Весь следующий день Ола из кустов на противоположном берегу речки следила за логовом медведя. Она внимательно осмотрела поднимавшийся над пещерой склон с горелыми деревьями и ведущую к ней тропу над обрывом.
К вечеру из пещеры вылез сам Харри. Он угрюмо поглядел по сторонам, зевнул и пошёл прочь от логова. В одном месте на тропе лежал крупный камень. Видимо, он совсем недавно скатился сверху. Харри недовольно обнюхал его, одним движением лапы спихнул под обрыв и зашагал дальше.
Ола провожала его взглядом, пока он не исчез за поворотом, после чего надолго задумалась. Вдруг на лице её появилась лукавая усмешка.
– Кажется, я знаю, как нам избавиться от этого медведя,—сказала она Афу.– Бежим скорее на ту сторону!
Перебравшись на другой берег, Ола поднялась на склон, выбрала среди упавших деревьев наиболее подходящее и скатила его сверху прямо на тропу Харра.
– Пусть посердится! – засмеялась она.
Сытый и сонный Харри возвращался к себе около полуночи и неожиданно наткнулся на перегородившее тропу дерево. Медведь заворчал и сбросил его вниз.
На следующий день на тропе снова оказалось дерево.
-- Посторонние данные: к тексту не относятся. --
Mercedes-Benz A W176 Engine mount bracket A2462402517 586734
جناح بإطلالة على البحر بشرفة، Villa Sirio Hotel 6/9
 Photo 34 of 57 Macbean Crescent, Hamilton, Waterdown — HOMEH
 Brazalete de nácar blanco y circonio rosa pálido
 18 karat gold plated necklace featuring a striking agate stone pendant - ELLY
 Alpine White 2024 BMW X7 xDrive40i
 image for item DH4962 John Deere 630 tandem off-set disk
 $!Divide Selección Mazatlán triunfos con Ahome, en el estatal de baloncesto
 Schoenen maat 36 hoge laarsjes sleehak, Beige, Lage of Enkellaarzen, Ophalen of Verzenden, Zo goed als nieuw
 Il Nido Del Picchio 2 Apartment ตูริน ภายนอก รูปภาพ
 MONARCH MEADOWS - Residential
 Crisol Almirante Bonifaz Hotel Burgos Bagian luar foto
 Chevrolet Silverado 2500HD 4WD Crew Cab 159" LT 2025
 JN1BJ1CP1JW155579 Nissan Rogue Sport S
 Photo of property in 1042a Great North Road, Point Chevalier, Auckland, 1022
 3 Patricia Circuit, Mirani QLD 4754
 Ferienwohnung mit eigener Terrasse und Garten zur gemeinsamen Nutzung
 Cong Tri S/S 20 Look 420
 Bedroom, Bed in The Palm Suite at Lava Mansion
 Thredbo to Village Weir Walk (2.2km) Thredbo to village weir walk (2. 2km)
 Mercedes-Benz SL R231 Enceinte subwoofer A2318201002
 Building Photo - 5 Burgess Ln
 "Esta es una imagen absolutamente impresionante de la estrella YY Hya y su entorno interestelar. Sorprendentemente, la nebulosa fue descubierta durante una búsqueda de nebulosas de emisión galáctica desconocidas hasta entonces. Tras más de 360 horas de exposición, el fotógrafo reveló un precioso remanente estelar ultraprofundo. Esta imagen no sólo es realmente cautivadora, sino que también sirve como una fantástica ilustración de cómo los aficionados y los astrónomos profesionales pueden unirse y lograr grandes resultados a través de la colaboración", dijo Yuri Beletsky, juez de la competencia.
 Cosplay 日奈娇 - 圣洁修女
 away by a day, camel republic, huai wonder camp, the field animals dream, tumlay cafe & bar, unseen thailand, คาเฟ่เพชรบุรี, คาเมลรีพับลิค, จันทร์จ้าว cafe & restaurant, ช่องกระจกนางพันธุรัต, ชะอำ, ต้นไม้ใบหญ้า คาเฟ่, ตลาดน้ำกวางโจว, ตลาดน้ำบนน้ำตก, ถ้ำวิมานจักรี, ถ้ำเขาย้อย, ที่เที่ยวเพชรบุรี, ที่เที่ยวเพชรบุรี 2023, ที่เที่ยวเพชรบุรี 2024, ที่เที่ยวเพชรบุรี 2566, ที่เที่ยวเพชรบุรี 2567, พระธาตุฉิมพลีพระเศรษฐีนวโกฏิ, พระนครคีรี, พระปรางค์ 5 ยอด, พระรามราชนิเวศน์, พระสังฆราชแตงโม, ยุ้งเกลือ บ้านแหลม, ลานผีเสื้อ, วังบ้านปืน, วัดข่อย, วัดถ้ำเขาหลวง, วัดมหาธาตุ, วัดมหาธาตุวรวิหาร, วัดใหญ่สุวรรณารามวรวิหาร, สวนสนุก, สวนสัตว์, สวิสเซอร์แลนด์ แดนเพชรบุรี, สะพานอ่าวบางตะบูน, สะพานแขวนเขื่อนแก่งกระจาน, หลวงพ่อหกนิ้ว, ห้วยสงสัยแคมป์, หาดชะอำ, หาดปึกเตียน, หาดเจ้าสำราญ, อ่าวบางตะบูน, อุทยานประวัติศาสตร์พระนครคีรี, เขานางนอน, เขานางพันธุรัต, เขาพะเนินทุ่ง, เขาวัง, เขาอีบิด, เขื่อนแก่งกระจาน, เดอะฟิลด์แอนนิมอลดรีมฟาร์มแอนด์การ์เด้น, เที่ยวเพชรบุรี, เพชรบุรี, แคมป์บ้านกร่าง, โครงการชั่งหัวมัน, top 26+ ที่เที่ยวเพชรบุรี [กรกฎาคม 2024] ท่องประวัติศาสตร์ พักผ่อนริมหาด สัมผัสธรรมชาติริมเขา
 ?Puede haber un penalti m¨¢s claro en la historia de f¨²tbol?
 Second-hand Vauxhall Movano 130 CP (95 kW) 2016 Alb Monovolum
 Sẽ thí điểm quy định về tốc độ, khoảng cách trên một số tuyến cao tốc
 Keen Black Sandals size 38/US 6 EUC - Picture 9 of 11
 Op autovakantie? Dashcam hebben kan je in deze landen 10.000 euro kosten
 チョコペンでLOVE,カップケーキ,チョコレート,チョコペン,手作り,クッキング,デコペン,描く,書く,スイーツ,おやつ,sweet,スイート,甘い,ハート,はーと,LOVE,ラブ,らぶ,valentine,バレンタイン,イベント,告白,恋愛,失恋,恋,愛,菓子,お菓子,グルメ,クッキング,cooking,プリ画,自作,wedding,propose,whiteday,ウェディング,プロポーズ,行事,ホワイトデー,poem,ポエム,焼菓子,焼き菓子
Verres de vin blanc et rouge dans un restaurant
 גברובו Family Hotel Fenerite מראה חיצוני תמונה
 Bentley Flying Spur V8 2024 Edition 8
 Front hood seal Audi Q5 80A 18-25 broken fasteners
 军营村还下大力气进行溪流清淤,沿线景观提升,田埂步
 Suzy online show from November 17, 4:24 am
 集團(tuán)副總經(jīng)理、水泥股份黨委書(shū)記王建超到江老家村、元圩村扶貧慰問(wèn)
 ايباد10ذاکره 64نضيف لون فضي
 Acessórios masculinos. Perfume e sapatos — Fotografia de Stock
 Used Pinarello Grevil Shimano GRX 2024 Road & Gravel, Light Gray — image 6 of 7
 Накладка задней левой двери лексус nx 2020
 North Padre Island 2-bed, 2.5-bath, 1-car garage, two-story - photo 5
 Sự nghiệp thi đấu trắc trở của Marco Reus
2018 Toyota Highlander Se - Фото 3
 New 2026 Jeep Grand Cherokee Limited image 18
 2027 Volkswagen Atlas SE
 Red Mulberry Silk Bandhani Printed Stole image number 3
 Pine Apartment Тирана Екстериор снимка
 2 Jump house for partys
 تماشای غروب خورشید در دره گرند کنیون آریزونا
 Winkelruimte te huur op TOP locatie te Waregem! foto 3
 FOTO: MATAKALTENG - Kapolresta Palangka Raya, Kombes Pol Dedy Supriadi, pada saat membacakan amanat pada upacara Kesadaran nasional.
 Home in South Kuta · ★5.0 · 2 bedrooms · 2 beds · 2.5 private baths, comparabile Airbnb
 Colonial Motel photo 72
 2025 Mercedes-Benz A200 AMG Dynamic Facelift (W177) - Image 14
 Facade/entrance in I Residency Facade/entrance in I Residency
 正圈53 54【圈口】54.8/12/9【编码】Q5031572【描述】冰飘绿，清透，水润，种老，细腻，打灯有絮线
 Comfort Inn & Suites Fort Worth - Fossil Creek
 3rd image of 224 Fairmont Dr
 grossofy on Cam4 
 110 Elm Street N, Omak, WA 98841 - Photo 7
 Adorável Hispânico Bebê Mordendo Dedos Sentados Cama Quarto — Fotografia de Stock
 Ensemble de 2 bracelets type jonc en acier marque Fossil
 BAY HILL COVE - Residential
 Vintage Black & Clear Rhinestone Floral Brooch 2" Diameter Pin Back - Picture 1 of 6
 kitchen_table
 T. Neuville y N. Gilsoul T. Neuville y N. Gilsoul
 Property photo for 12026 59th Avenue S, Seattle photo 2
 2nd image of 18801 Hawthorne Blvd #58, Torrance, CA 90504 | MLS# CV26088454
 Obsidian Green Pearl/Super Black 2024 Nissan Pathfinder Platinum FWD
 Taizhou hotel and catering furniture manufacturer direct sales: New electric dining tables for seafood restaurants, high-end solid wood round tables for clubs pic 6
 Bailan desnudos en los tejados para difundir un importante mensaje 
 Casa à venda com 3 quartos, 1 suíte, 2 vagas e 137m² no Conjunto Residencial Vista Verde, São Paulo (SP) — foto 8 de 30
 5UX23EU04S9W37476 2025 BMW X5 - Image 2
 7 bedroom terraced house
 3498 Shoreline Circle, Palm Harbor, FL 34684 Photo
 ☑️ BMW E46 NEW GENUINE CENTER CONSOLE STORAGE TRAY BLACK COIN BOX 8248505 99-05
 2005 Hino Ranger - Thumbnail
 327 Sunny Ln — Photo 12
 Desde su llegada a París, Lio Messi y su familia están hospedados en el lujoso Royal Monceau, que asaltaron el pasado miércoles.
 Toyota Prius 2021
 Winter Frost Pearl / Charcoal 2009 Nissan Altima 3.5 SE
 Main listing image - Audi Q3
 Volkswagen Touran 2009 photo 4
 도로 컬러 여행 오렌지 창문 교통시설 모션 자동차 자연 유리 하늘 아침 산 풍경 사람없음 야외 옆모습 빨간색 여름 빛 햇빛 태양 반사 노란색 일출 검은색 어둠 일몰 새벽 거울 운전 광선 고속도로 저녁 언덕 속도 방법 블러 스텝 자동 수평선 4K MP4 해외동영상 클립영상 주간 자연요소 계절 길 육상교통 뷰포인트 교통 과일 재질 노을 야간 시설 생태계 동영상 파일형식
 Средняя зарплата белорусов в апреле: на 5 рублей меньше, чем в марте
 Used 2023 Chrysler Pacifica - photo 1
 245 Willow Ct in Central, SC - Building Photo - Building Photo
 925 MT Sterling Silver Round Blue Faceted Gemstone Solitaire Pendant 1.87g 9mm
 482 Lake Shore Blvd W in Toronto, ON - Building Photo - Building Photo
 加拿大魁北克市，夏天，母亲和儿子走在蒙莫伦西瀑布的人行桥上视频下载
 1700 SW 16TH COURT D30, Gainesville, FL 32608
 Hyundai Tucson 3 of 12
Харри смахнул и его, не особенно задумываясь над тем, откуда они берутся.
– Ну вот,– сказала наблюдавшая за этим Ола.– Теперь начинается главное.
Из заранее припасённых антилопьих шкур она нарезала множество тонких ремешков и за вечер сплела из них несколько длинных крепких верёвок.
На следующий день, когда Харри ушёл куда-то по своим тёмным медвежьим делам, Ола снова залезла на склон над пещерой. Здесь она после некоторых размышлений выбрала упавшее дерево, толстое, тяжёлое, со множеством сучьев, торчащих в разные стороны. С большим трудом, помогая себе палками-рычагами, Ола скатила его с горы так, что оно упало у самого входа в пещеру. Спустившись следом, она, пока Аф высматривал, не возвращается ли вдруг Харри, привязала к дереву верёвки со скользящими петлями на концах. После чего Ола и Аф удалились в прежнее укрытие на другом берегу.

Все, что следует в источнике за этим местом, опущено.